# ABOUT THIS EXERCISE:
Any picture among the records should be left out, please; retype the rest exactly.
[INFORMATION Boundary: Start]
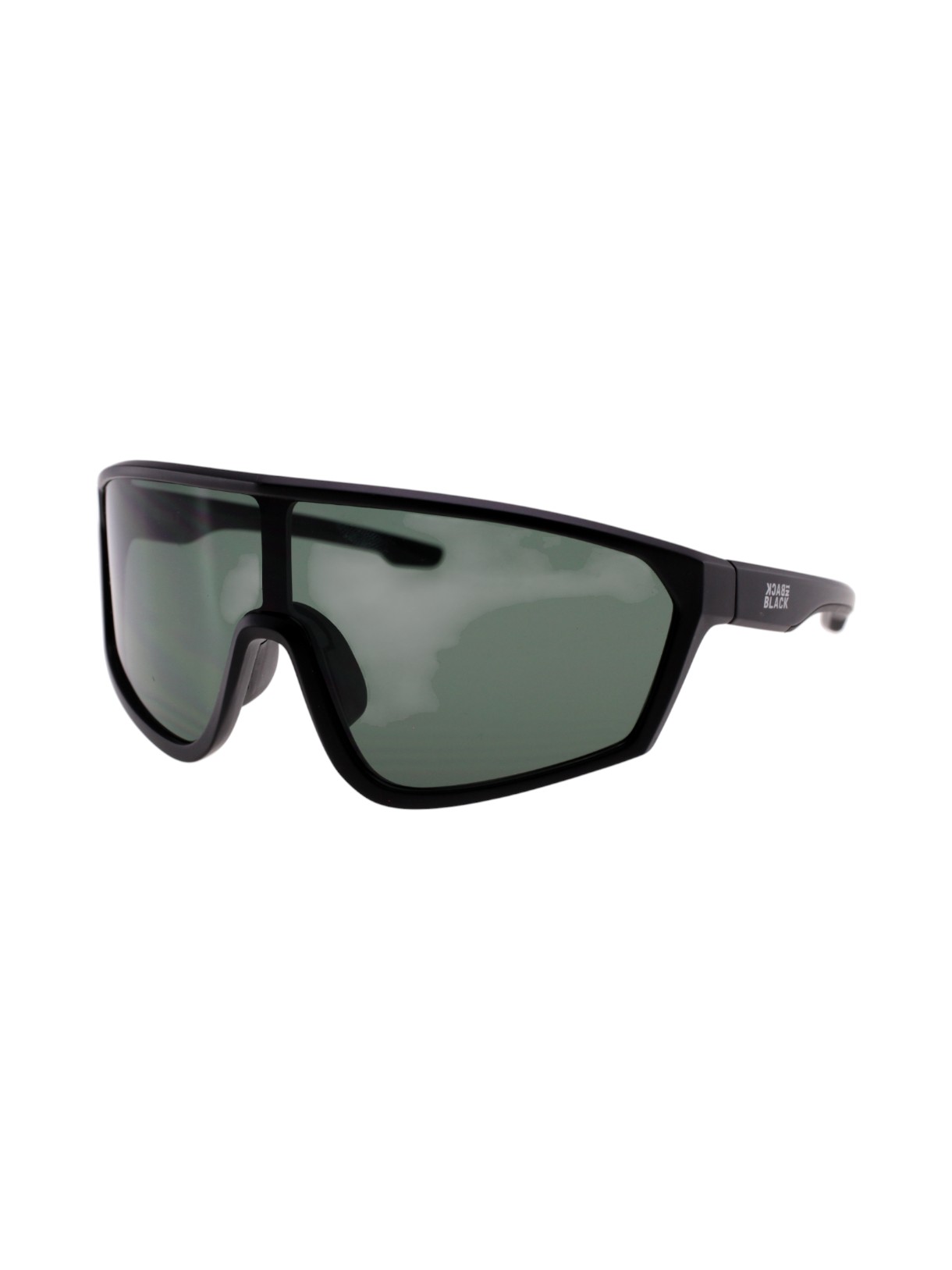 122.172 Sonnenbrille 1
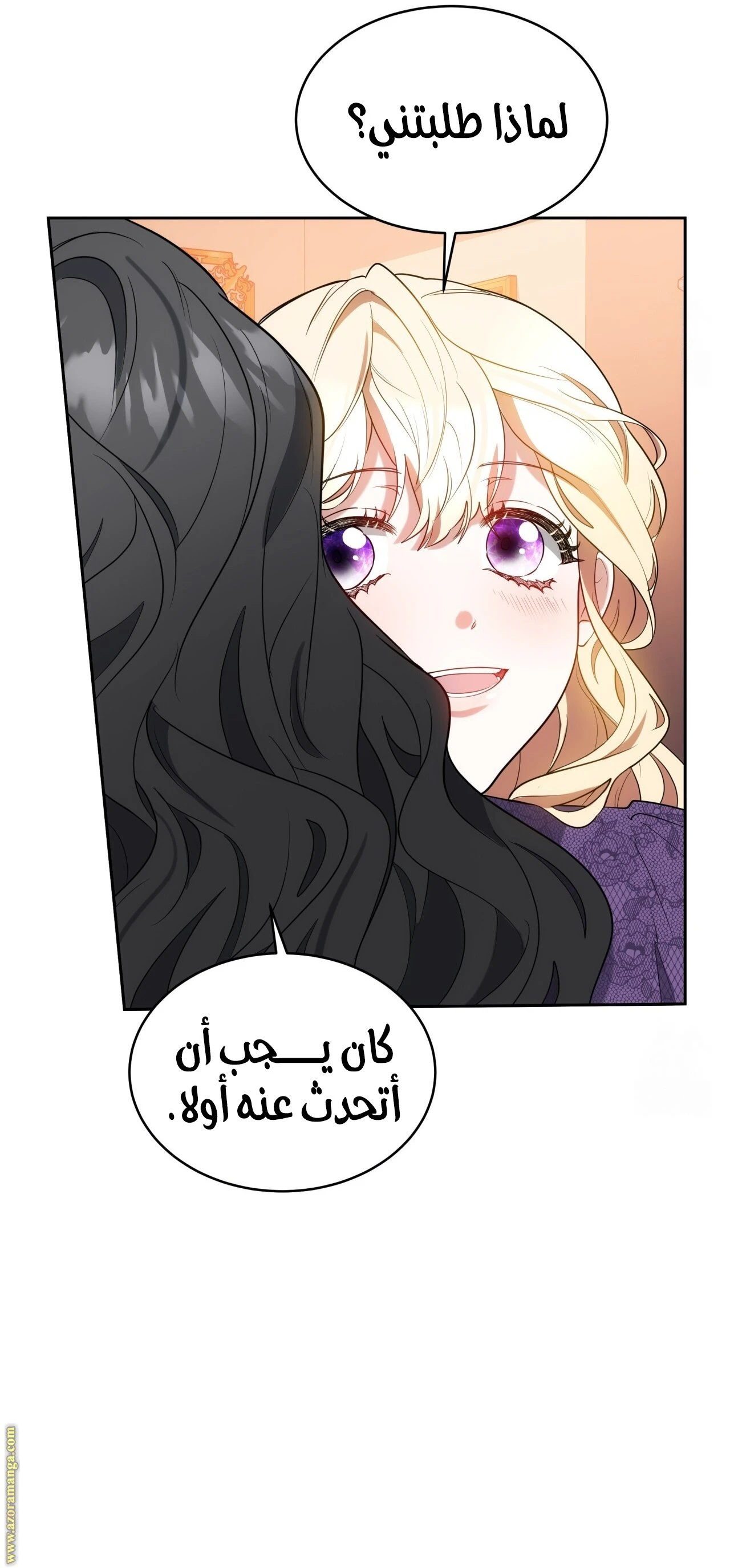 الصفحة 20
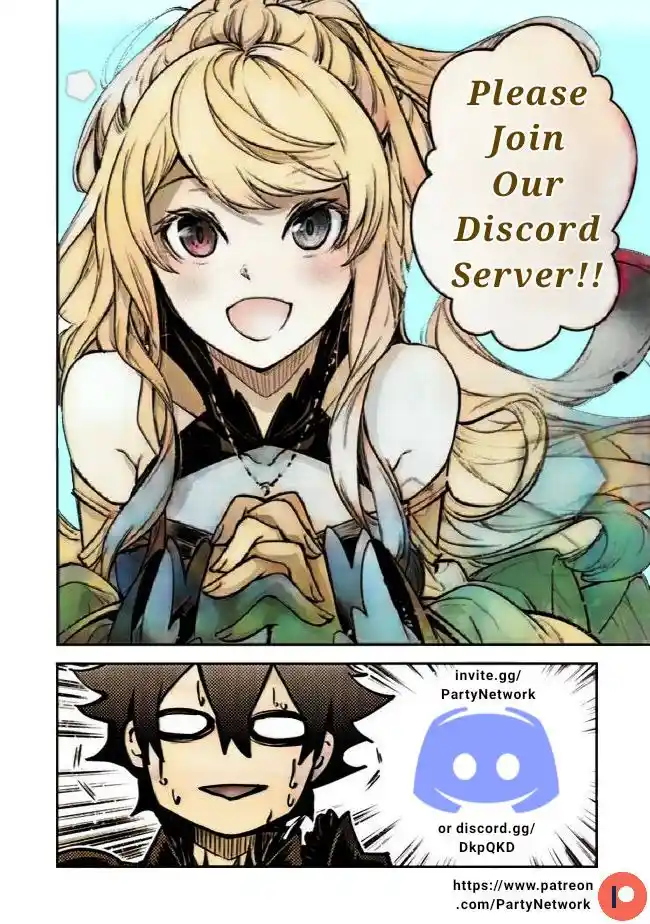 Read I Got a Cheat Ability in a Different World, and Became Extraordinary Even in the Real World Manga Online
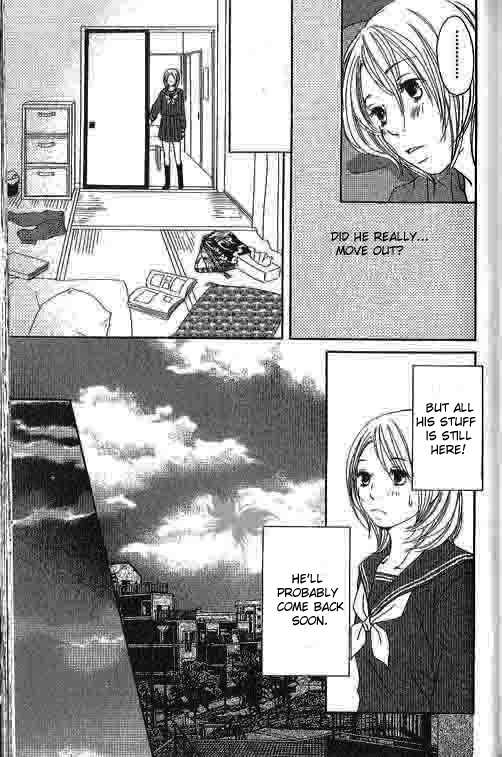 Shiawase Ikura de Kaemasu ka? Chapter 2.2 page 4 - Chapter 2.2
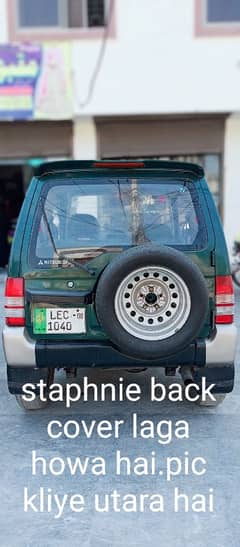 mini pajero 0/3/2/2/4/4/7/0/2/9/2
[INFORMATION Boundary: End]
# OUTPUT OF THE EXERCISE:
 122.172 Sonnenbrille 1
 الصفحة 20
 Read I Got a Cheat Ability in a Different World, and Became Extraordinary Even in the Real World Manga Online
 Shiawase Ikura de Kaemasu ka? Chapter 2.2 page 4 - Chapter 2.2
 mini pajero 0/3/2/2/4/4/7/0/2/9/2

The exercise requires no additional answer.